Sanderson Farms, Inc. (NASDAQ: SAFM), has announced that its Board of Directors has approved an agreement, effective April 28, for a new $900 million revolving credit facility through a consortium of banks. The new facility replaces the Company's existing $750 million facility, which was terminated. The credit will remain unsecured, and certain covenants related to the Company's financial condition and capital expenditure needs were adjusted in anticipation of the Company's planned expansion and other future growth initiatives. The termination date of the new facility will be April 28, 2022. As of April 28, 2017, the Company had no outstanding borrowings under the former revolving credit facility, but the Company had approximately $19.7 million outstanding in letters of credit under that facility, which will remain outstanding under the new facility.
Joe. F. Sanderson, Jr., chairman and chief executive officer of Sanderson Farms, Inc. stated, "We appreciate the continued support of our bank group and the confidence in our future demonstrated by this expanded credit facility. We look forward to the next stage of growth for Sanderson Farms, as we expect to begin construction of our new poultry complex in Texas during summer 2017. We are pleased that our financial position has allowed us to continue to grow our Company and deliver greater value to our shareholders."
Sanderson Farms, Inc. is engaged in the production, processing, marketing and distribution of fresh, frozen and minimally prepared chicken. Its shares trade on the NASDAQ Global Select Market under the symbol SAFM.
This press release includes forward-looking statements within the meaning of the "safe harbor" provisions of the Private Securities Litigation Reform Act of 1995, as amended. Forward-looking statements are based on a number of assumptions about future events and are subject to various risks, uncertainties and other factors that may cause actual results to differ materially from the views, beliefs, projections and estimates expressed in such statements.

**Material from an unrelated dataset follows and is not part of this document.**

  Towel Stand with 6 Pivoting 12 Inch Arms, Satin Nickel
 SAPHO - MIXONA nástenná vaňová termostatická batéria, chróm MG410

These risks, uncertainties and other factors include, but are not limited to those discussed under "Risk Factors" in the Company's Annual Report on Form 10-K for the year ended October 31, 2016, and the following:
(1) Changes in the market price for the Company's finished products and feed grains, both of which may fluctuate substantially and exhibit cyclical characteristics typically associated with commodity markets.
(2) Changes in economic and business conditions, monetary and fiscal policies or the amount of growth, stagnation or recession in the global or U.S. economies, either of which may affect the value of inventories, the collectability of accounts receivable or the financial integrity of customers, and the ability of the end user or consumer to afford protein.

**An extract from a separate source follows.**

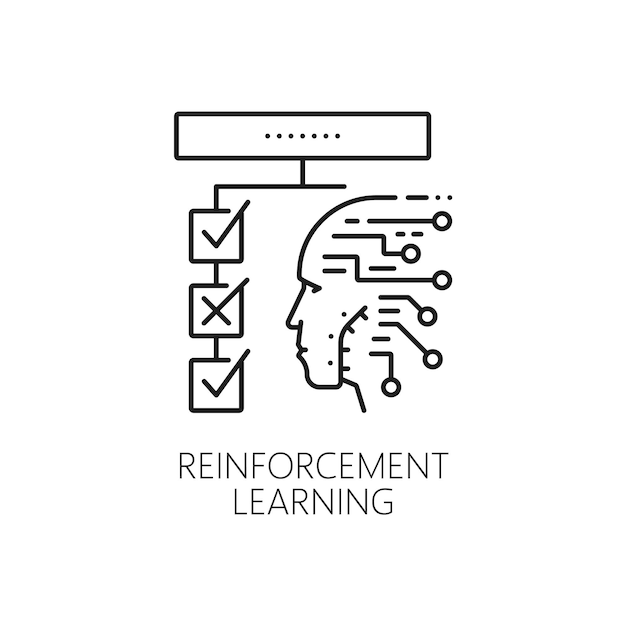 machine reinforcement learning ai algorithm icon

(3) Changes in the political or economic climate, trade policies, laws and regulations or the domestic poultry industry of countries to which the Company or other companies in the poultry industry ship product, and other changes that might limit the Company's or the industry's access to foreign markets.
(4) Changes in laws, regulations, and other activities in government agencies and similar organizations applicable to the Company and the poultry industry and changes in laws, regulations and other activities in government agencies and similar organizations related to food safety.
(5) Various inventory risks due to changes in market conditions including, but not limited to, the risk that market values of live and processed poultry inventories might be lower than the cost of such inventories, requiring a downward adjustment to record the value of such inventories at the lower of cost or market as required by generally accepted accounting principles.
(6) Changes in and effects of competition, which is significant in all markets in which the Company competes, and the effectiveness of marketing and advertising programs. The Company competes with regional and national firms, some of which have greater financial and marketing resources than the Company.
(7) Changes in accounting policies and practices adopted voluntarily by the Company or required to be adopted by accounting principles generally accepted in the United States.
(8) Disease outbreaks affecting the production, performance and/or marketability of the Company's poultry products, or the contamination of its products.
(9) Changes in the availability and cost of labor and growers.
(10) The loss of any of the Company's major customers.
(11) Inclement weather that could hurt Company flocks or otherwise adversely affect its operations, or changes in global weather patterns that could impact the supply of feed grains.
(12) Failure to respond to changing consumer preferences.
(13) Failure to successfully and efficiently start up and run a new plant or integrate any business the Company might acquire.
(14) Unfavorable results from currently pending litigation and proceedings, or litigation and proceedings that could arise in the future.